[DATASET — start]

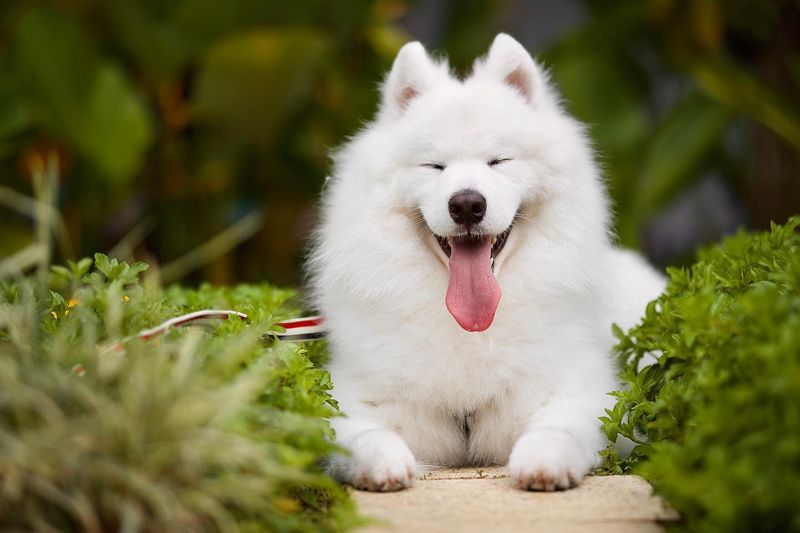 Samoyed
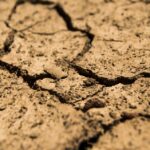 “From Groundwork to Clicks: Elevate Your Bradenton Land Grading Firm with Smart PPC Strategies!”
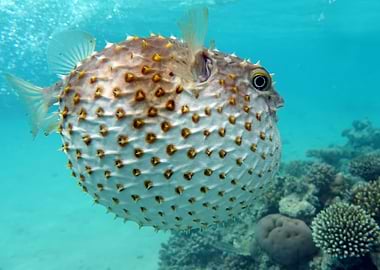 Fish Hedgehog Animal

[DATASET — finish]
[DATASET — start]

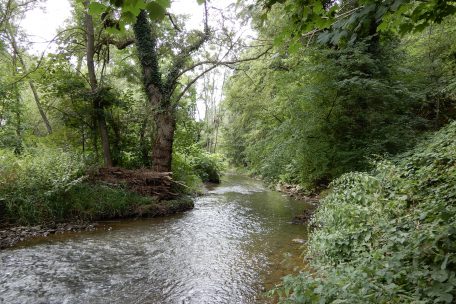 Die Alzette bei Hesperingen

[DATASET — finish]
[DATASET — start]

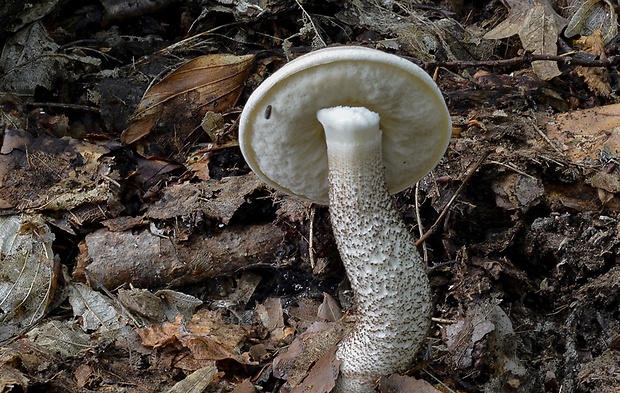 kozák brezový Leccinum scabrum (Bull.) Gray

[DATASET — finish]

• [ABOUT THIS TASK]
After locating "to Clicks: Elevate" and "Fish Hedgehog Animal" in the records above, return exactly the line holding each one and every line between them; leave out the pictures.

• [THE COMPLETED TASK]
 “From Groundwork to Clicks: Elevate Your Bradenton Land Grading Firm with Smart PPC Strategies!”
 Fish Hedgehog Animal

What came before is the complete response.